### [Recorded data]

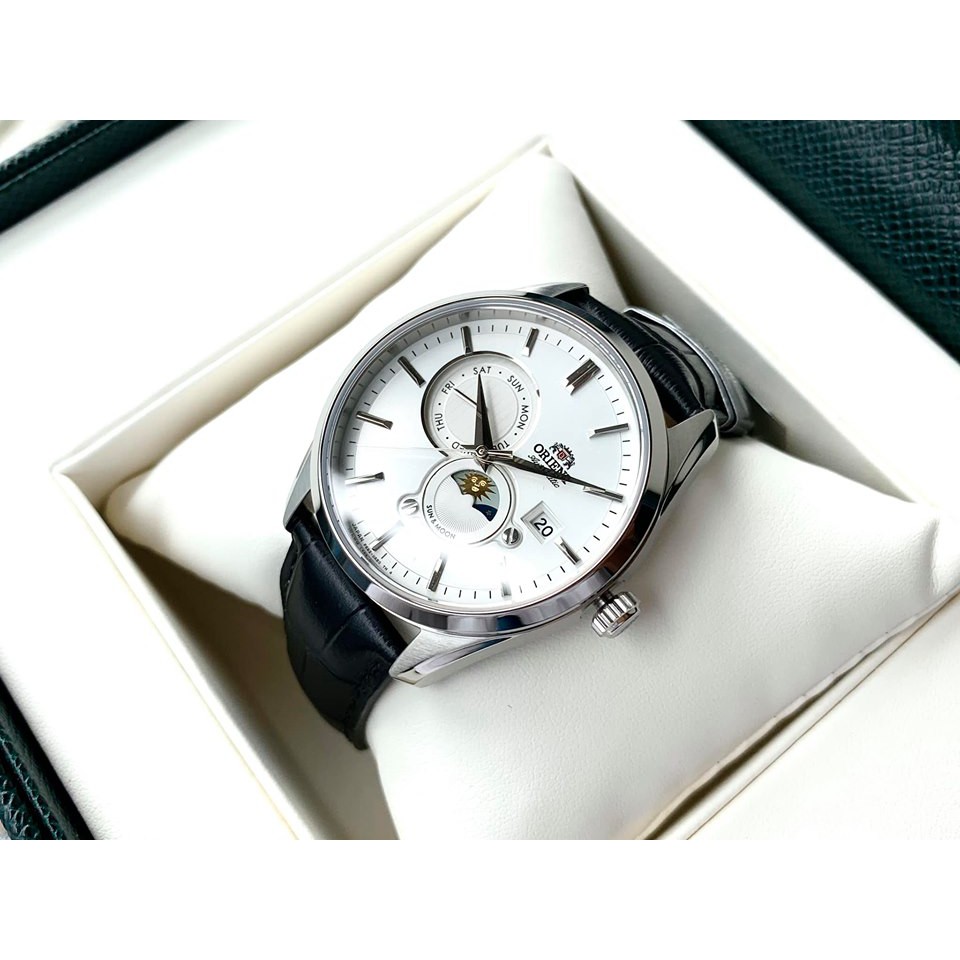 ĐỒNG HỒ NAM ORIENT SUN & MOON GENERATION 5 RA-AK0305S00C
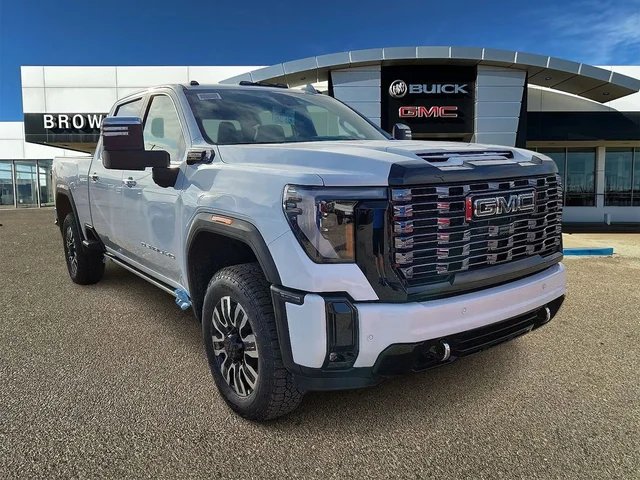 New 2026 GMC Sierra 2500 HD Denali Ultimate Four Wheel Drive Crew Cab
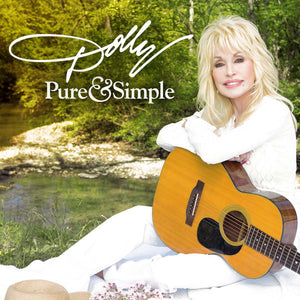 Dolly Parton : Pure & Simple (CD, Album)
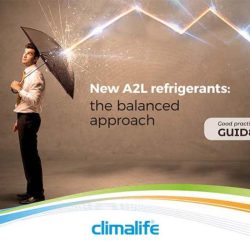 Refrigerant a2l proposed seeks charge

### [Problem requirements]
Your task is to copy exactly the lines from the line containing "Dolly Parton : Pure & Simple (CD, Album)" through the final line of the listing above and to omit every picture.

### [Exercise output]
 Dolly Parton : Pure & Simple (CD, Album)
 Refrigerant a2l proposed seeks charge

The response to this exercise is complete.